Fig 8. Schematic presentations for the differential effects of fenretinide and all-trans RA in regulating apoptosis and survival of Huh7 cells

(A) Regarding the Fas/TNFα-mediate apoptosis pathway, fenretinide up-regulated the expression of three pro-apoptotic genes including DEDD, CASP8, and CASP4, which subsequently triggered the pathway; Additionally, fenretinide also induced apoptosis by up-regulating pro-apoptotic genes HSPA1A/B, which is activated by ER stress and promotes TNF-mediated apoptosis. In contrast, ATRA induced the expression of two anti-apoptotic genes BIRC3 and TNFAIP3, which negatively regulated the Fas/TNFα-mediate signaling pathway, and eventually inhibited Fas/TNFα-mediated apoptosis.
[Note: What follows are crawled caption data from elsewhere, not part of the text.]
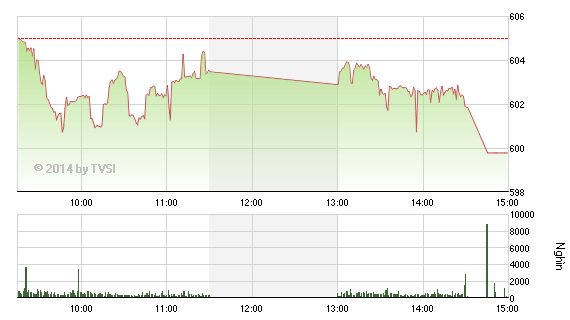 Phiên giao dịch chiều: Chính thức “bay” mốc 600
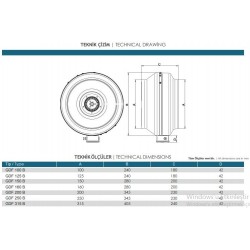 Güçtay Gdf 100-B Yuvarlak Kanal Tipi Radyal Fan 290m3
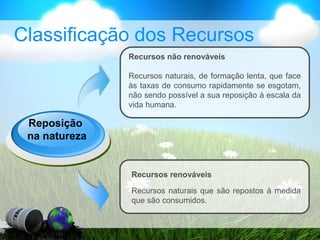 Classificação dos Recursos
Reposição
na natureza
Recursos não renováveis
Recursos naturais, de formação lenta, que face
às taxas de consumo rapidamente se esgotam,
não sendo possível a sua reposição à escala da
vida humana.
Recursos renováveis
Recursos naturais que são repostos à medida
que são consumidos.
 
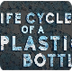 What happens to plastic bottle
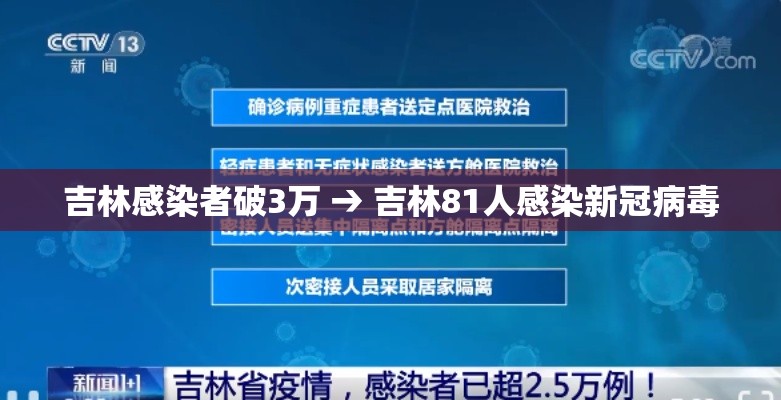 吉林感染者破3万 → 吉林81人感染新冠病毒 吉林感染者破3万 → 吉林81人感染新冠病毒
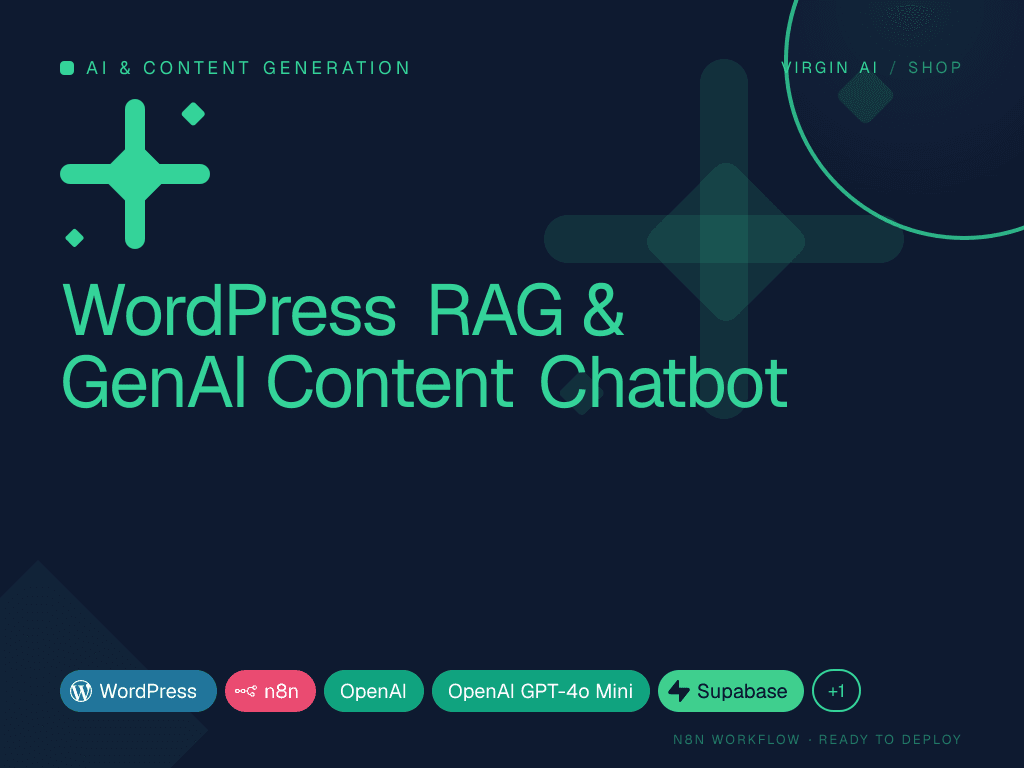 WordPress RAG & GenAI Content Chatbot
The repressed expression of PCSK9, which play an important role in caspase-3 activation, also decreased ATRA-mediated apoptosis. (B) Regarding the RAS/RAF/ERK-medicated survival pathway, fenretinide repressed the expression of BRAF, and therefore decreased the expression levels of MEK1 and ERK2, which finally inhibited cell survival. Conversely, ATRA up-regulated the expression of SOSC2, successively increased the expression of three key genes: BRAF, MEK1 and ERK2, and therefore induced the RAS/RAF/ERK-mediated survival pathway. Additionally, ATRA promoted the NFkB-dependent survival pathway by repressing CITE2 gene expression. “→” indicates induction and “⊥” indicates repression. The genes marked in green circle indicate pro-apoptosis genes. The genes marked in red circle indicate anti-apoptosis genes. The numbers in bracket represent the fold-change of gene expression changed by fenretinide or ATRA at corresponding time-point.